In Colombia, Afro-Colombian community leader José Jair Cortés has been assassinated in the southern region of Nariño. He was murdered Tuesday in a rural area where, on October 5, at least seven coca farmers were killed during clashes with police at a protest over the government’s eradication of coca crops. The U.N. assistant secretary-general for human rights has condemned the killing of human rights and land defenders in Colombia, saying, “The armed conflict with the FARC may be over, but the country’s incredibly brave human rights defenders continue to be threatened and killed at an alarming rate.”
In Argentina, thousands of people marched to the Plaza de Mayo in the capital Buenos Aires on Thursday demanding justice and answers about the disappearance of indigenous rights activist Santiago Maldonado. On Thursday, a body was found in the river close to the site where Maldonado disappeared on August 1 during a protest against the eviction of indigenous people from lands claimed by the Italian clothing company Benetton. It is not yet known if the body is Maldonado’s. Eyewitnesses say Argentine security forces beat and arrested a person around the time of Maldonado’s disappearance.
The case has stoked painful memories of the military dictatorship of 1976 to ’83, when U.S.-backed security forces tortured activists and disappeared an estimated 30,000 people. This is Nora Cortiñas of the Mothers of the Plaza de Mayo.
Nora Cortiñas: “If President Mauricio Macri wasn’t interested in human rights before, Macri is president of all Argentinians now. He won with votes, not with boots, so he has to govern for all Argentinians. And Argentinians need to know that human rights are part of the government and are part of the state. So this is what we are asking, that they respect human rights.”
And in North Dakota, a judge has sentenced two water protectors to jail time after they were convicted on misdemeanor charges over an October 2016 protest at Standing Rock against the Dakota Access pipeline. Twenty-seven-year-old Alexander Simon was sentenced to serve 18 days in jail for obstruction of a government function, while 64-year-old Mary Redway was sentenced to six days in jail for disorderly conduct. The sentences were imposed by Judge Thomas Merrick despite the fact that the prosecution had not recommended the two serve jail time.
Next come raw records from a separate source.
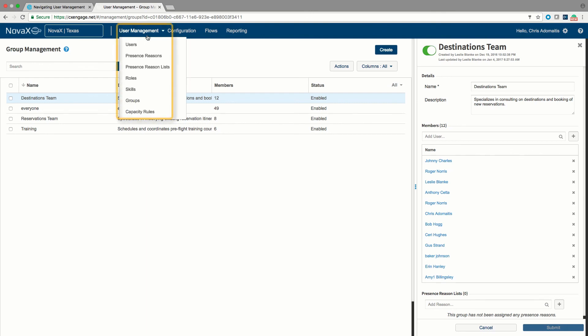So this was the tutorial talking about the user management screen. We focused on the user menu, the roles, skills, and groups.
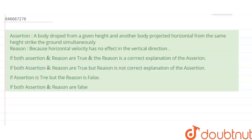Hello everyone. This is an assertion-reason type question. We have to determine whether the given reason is the correct explanation of the assertion. The assertion states that a body dropped from a given height and another body projected horizontally from the same height strike the ground simultaneously — meaning the time taken by both bodies to touch the ground is the same.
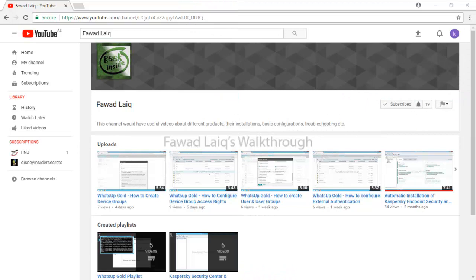So thank you so much for watching. For our next walkthrough videos, please comment, subscribe to my channel, and let me know if you need to know more about any of the products I am talking about. Thank you so much for watching.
Meanwhile, journalist Sara Lafleur-Vetter was acquitted on misdemeanor charges stemming from her reporting on the protest on October 22. She was filming for The Guardian at the time of her arrest.
There are still hundreds of unresolved criminal cases related to the months-long resistance at Standing Rock. Three water protectors are currently imprisoned while awaiting trial: Red Fawn Fallis, Little Feather and Dion Ortiz.